* **Collected data**
━━━━━━━━━━

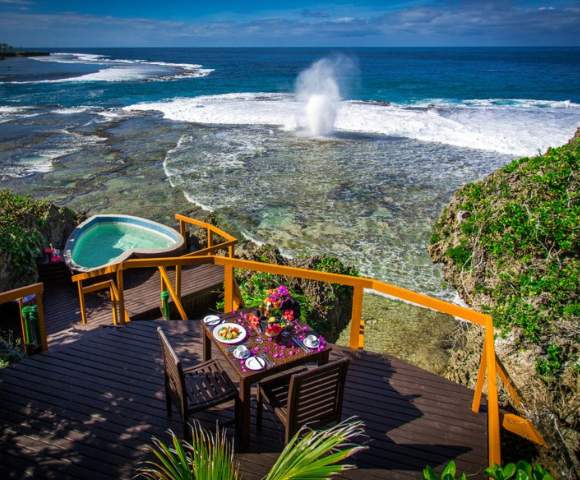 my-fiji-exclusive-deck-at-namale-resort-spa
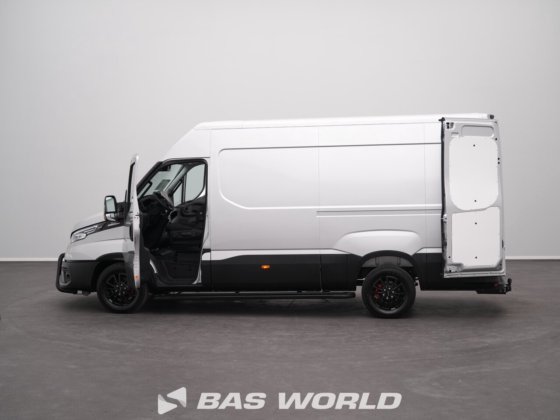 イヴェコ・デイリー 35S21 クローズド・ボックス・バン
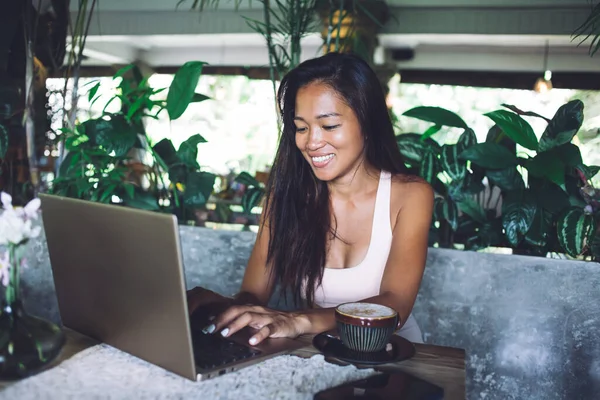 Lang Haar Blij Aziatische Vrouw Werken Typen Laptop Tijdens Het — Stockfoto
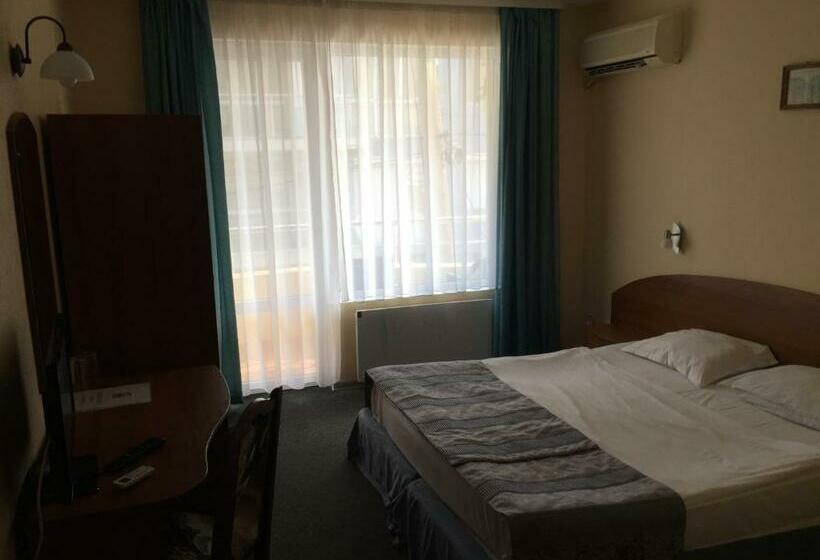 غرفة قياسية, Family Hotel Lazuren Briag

━━━━━━━━━━

* **Exercise brief**
Your copy should run from the line that has "イヴェコ・デイリー 35S21 クローズド・ボックス・バン" through the last line above, exactly, with both ends in and pictures out.

* **Output**
 イヴェコ・デイリー 35S21 クローズド・ボックス・バン
 Lang Haar Blij Aziatische Vrouw Werken Typen Laptop Tijdens Het — Stockfoto
 غرفة قياسية, Family Hotel Lazuren Briag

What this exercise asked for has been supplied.